## YOUR INSTRUCTIONS
Once you reach the line with "Invitation Fête de" in the material below, copy each line exactly up to and including the line with "LogiLink CU0142 câble", and skip the pictures.

## DATA PROVIDED

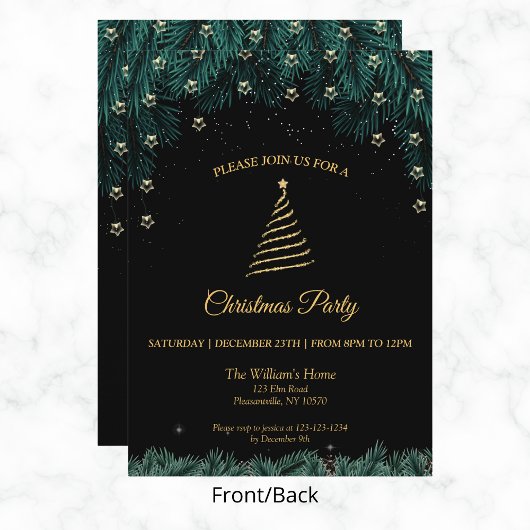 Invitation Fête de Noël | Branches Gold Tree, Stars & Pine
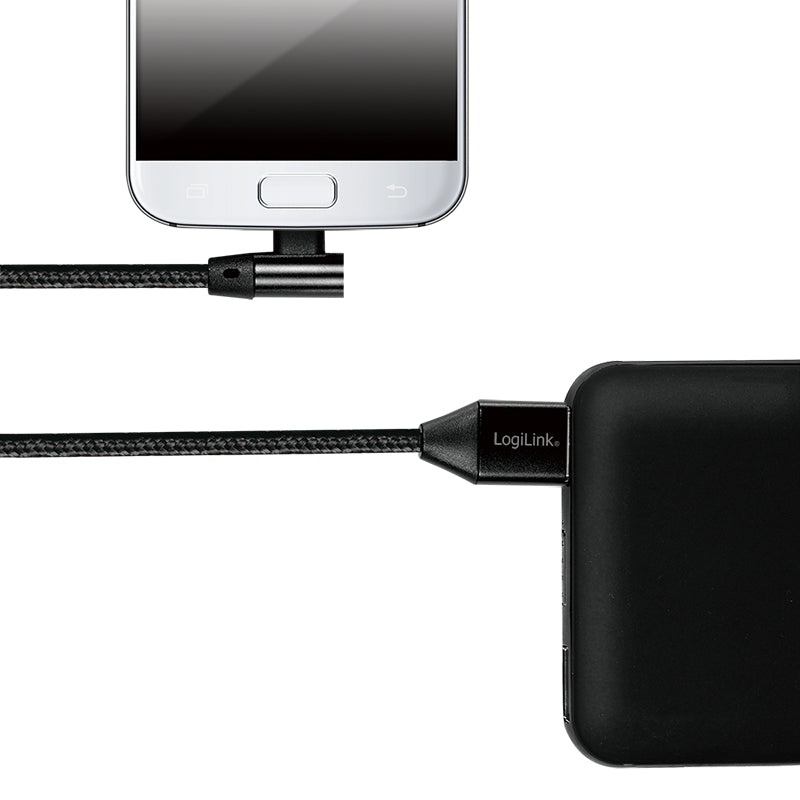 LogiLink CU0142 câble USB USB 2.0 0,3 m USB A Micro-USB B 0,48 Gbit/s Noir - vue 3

==

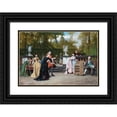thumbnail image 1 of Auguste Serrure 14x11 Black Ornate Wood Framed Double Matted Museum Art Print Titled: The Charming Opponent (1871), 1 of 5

## ANSWER BELOW
 Invitation Fête de Noël | Branches Gold Tree, Stars & Pine
 LogiLink CU0142 câble USB USB 2.0 0,3 m USB A Micro-USB B 0,48 Gbit/s Noir - vue 3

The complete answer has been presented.